Breaking Up is Hard to Do…
The restaurants and promenades in the Docklands (Melbourne) were packed on Monday, night with couples. It was after all Valentine’s Day – the day when everyone declares their undying love for each other… well, at least their “commercial love”.
Apparently, if NAB has anything to do with it, February 15th is now the official day of the year to break off a bad relationship – the “unValentines Day”. I wonder how long it will take for chocolatiers, greeting card companies and florists to create some products to commemorate this special occasion?
The obvious question that no one seems to be asking is “why was the NAB dating both the ANZ and CBA in the first place?”
I would have thought that the NAB made its intention (to see other people) clear over 18 months ago when it began axing fees and offering cheaper home loans? Clear to whom is the operative question though? Despite the marketing money spent and the slashed rates, customers don’t seem to be flocking to the NAB to take up these attractive offers. In fact, NAB’s shares and Return on Assets have been lagging behind the other Big Four banks.
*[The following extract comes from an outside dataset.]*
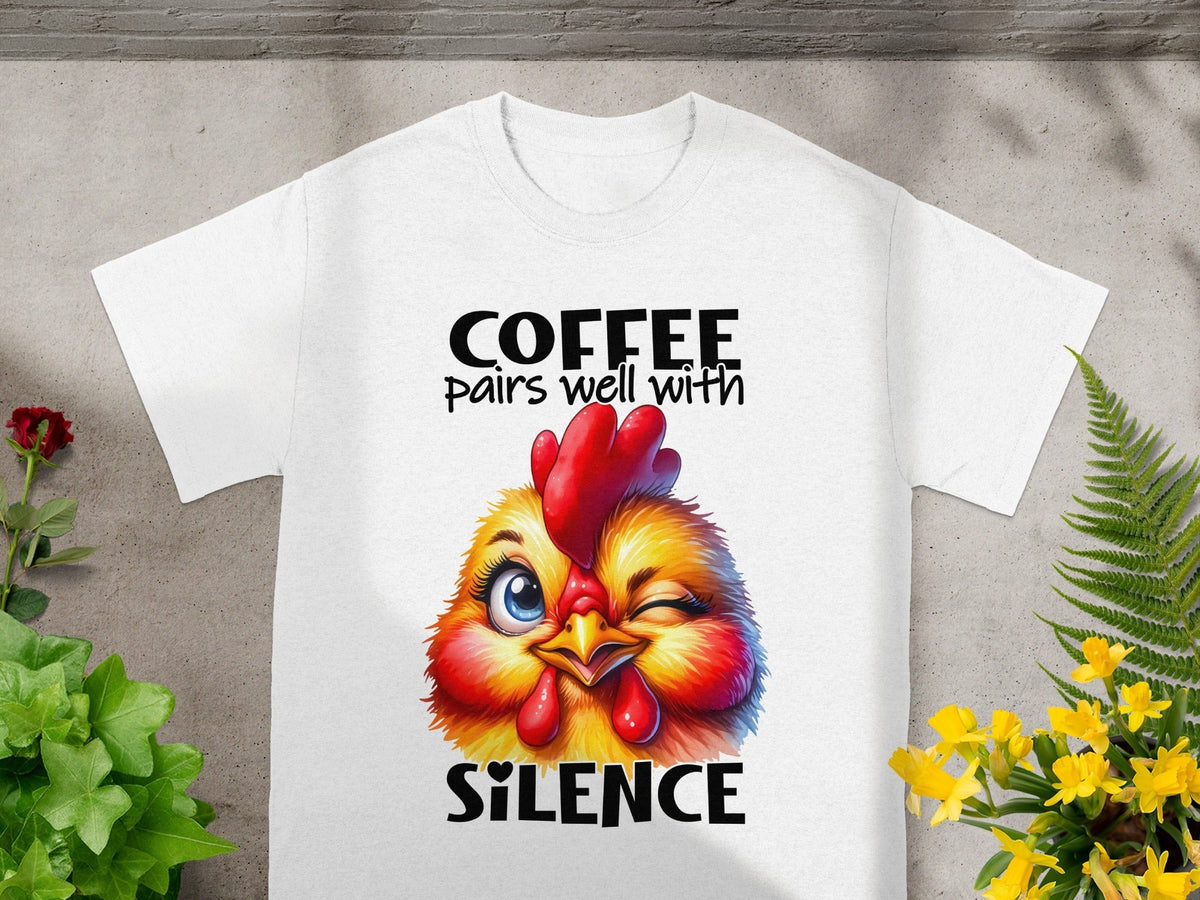 Coffee Pairs Well With Silence Chicken Funny Animal T-Shirts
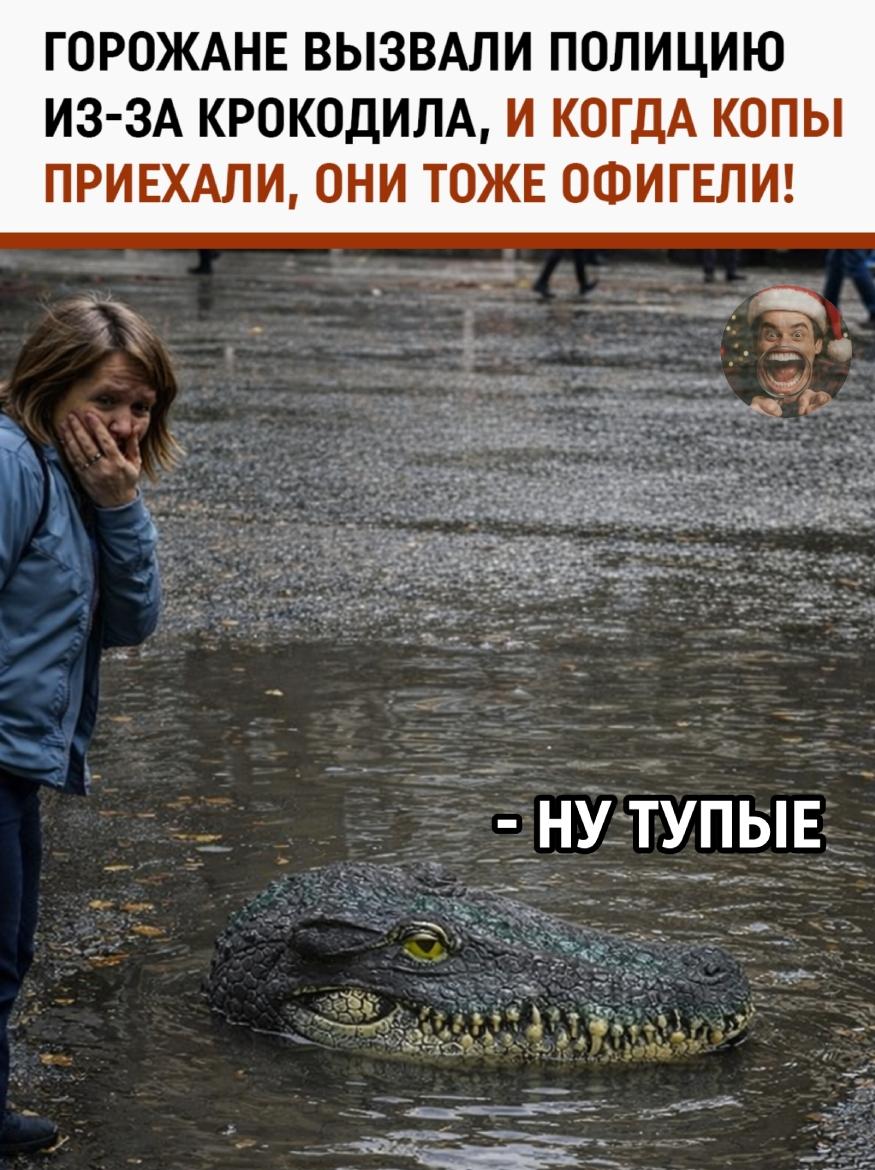 Жители деревни Чолсбери не на шутку перепугались, заметив грозную рептилию прямо на затопленной дождем улице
NAB’s standard variable mortgage rate is 19 basis points cheaper than Westpac’s and 14 points lower than the Commonwealth’s rates. This equates to a massive decrease in margins for the financial performance of the NAB, which has not been offset by increased top line revenues or market share.
While the NAB Break Up campaign is undeniably generating a whole lot of media exposure and social media chatter, what remains to be seen is whether the average consumer on the street is ready to take their business to the NAB to get the lowest rates. Isn’t that what all of this is really about?
Then again, maybe it was never about price but rather the relationship that customers feel they have (or don’t have) with their bank?
Coincidentally, I am a NAB customer. If anyone out there in “Bankworld” is listening, please show me some love so that we don’t have to break up on February 15th next year.